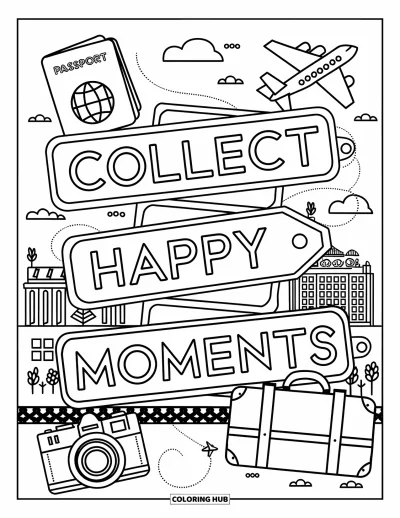 Coloriage de bonheur pour adultes : "Collect Happy Moments" apparaît sur des étiquettes de valise avec des icônes de voyage et un décor de ville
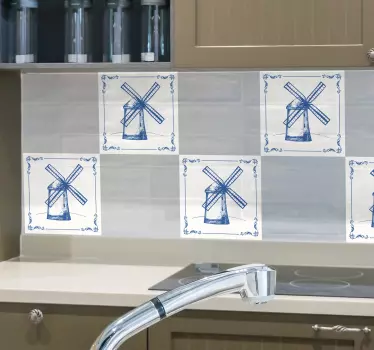 Zestaw naklejek na płytki niebieski młyn - TenStickers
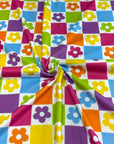 (4X2 YUMMY RIB) MEDIUM BRIGHT COLORFUL FLOWERS AND CHECKERED PATTERN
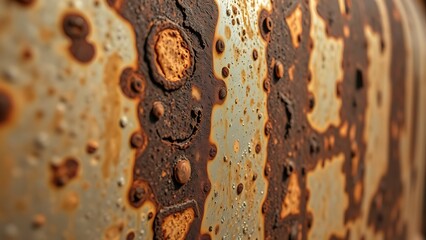 oxidized. Close-up of oxidized steel surface with intricate rust patterns, showcasing metallic weathering details under directional light. safety posters.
****
▶ _EXERCISE DESCRIPTION_:
Only the lines from the line with "(4X2 YUMMY RIB)" to the bottom of the material above should be reproduced, exactly and without pictures.

▶ _ANSWER TO THE EXERCISE_:
 (4X2 YUMMY RIB) MEDIUM BRIGHT COLORFUL FLOWERS AND CHECKERED PATTERN
 oxidized. Close-up of oxidized steel surface with intricate rust patterns, showcasing metallic weathering details under directional light. safety posters.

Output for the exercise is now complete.